How will technology change humanity?
People have long pondered technology’s effect on the human condition, as evidenced by Athanasius Kircher’s fanciful design for a hydraulic organ (complete with dancing skeleton!) featured in his 1650 Musurgia Universalis .

How will technology change humanity?

USC Dornsife Berggruen Fellows examine the way new and emerging technologies affect how human beings view themselves, others and their lives. [2½ min read]
ByUSC Dornsife Communication Staff

Motorists who navigated their way around Los Angeles 25 years ago were guided by a mental map of the city. That and a Thomas Guide, a spiral-bound, often dog-eared and salsa-stained book of maps that sat on the passenger seat.

But those maps inside our heads are rapidly being replaced by those in our GPS apps. How, if at all, does that change us as human beings? Does it rewire our brains in subtle ways? Do we look at where we live differently? To what extent, if any, does it change us into better or worse people?

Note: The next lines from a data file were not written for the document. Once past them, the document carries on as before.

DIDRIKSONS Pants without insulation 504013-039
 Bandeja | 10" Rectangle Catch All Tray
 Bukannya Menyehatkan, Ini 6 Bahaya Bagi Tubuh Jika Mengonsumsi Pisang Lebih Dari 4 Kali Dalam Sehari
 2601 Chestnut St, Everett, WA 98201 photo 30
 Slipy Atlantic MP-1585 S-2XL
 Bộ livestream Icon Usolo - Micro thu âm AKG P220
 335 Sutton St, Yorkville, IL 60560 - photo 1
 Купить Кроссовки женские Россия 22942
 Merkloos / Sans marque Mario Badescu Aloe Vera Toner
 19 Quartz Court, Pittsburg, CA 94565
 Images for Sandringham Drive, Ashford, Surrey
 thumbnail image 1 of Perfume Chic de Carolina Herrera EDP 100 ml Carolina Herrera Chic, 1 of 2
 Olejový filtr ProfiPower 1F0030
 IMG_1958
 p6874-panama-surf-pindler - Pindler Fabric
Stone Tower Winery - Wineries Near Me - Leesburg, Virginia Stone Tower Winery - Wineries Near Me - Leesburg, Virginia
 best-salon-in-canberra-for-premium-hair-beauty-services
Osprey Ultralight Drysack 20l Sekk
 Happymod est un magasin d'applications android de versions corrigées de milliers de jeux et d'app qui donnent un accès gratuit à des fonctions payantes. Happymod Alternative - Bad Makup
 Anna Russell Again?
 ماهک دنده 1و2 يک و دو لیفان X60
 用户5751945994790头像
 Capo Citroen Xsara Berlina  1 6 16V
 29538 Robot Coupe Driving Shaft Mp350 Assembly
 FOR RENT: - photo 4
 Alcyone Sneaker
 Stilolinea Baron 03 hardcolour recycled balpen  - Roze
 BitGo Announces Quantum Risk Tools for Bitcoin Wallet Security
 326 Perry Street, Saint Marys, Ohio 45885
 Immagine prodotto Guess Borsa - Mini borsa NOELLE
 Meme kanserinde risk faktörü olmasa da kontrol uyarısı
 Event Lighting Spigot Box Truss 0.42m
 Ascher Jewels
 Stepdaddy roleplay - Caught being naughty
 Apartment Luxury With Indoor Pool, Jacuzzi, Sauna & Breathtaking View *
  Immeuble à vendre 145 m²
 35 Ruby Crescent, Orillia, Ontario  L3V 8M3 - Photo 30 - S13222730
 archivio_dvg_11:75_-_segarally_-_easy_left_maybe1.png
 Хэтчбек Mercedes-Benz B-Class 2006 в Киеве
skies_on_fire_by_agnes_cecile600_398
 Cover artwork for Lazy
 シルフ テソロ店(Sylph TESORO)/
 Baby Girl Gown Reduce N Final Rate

These are a small sample of the kinds of questions that scholars from USC Dornsife College of Letters, Arts and Sciences and the 2018–19 USC Dornsife Berggruen Fellows will wrestle with at a discussion titled The Transformations of the Human on April 3 from 2 to 4 p.m.

The gathering will examine how new technologies are changing how we understand ourselves as individuals, in relationships and as a species. Topics will include how we continue to integrate technology with our minds and bodies, and what will it mean to be human in the future. (Are we still homo sapiens if our brains are supercharged by microchips?) The panelists will also look at the coming implications of genomics, artificial intelligence and neuroscience for understanding who we are.

“Our current language for what it means to be a human being is increasingly inadequate,” said Nils Gilman, vice president of programs for the Berggruen Institute.

The L.A.-based Berggruen Institute was founded in 2010 to develop foundational ideas about how to reshape political and social institutions at a time of enormous global change and when so many of our institutions seem inadequate. It is distinguished from many think tanks in that its fellows do just one thing: They think. There’s no partisan agenda — just the pursuit of knowledge.

USC Dornsife entered into a collaboration with Berggruen Institute to host visiting scholars as a means to broaden its pursuit of answers to fundamental questions about human existence. The fellows meet regularly with USC Dornsife scholars to share findings and explore new areas of inquiry.

“While we spend a lot of time talking about technological innovation, there isn’t as much attention paid to corresponding innovations in political philosophy, the history of ideas and ethics. But these areas are fundamental to understanding changes in the way we live,” said Andrew Lakoff, USC Dornsife divisional dean for social sciences and professor of sociology.

“I see the fellowship program as a launching pad for a richer interaction between our scholars and other thinkers in the region and an opportunity to give them a public platform.”

Expert panelists

The USC Dornsife panelists include:

  • Antonio Damasio, University Professor, professor of psychology, philosophy and neurology, and David Dornsife Chair in Neuroscience; and
  • Susanna Berger, assistant professor of art history.

The panelists from the 2018–19 Berggruen Fellows at USC Dornsife will include:

  • Hannah Landecker, professor of sociology at UCLA;
  • Josh Berson, author of Computable Bodies: Instrumented Life and the Human Somatic Niche (Bloomsbury Academic, 2015); and
  • Helene Mialet, associate professor of science and technology studies, York University, Toronto, Ontario, Canada.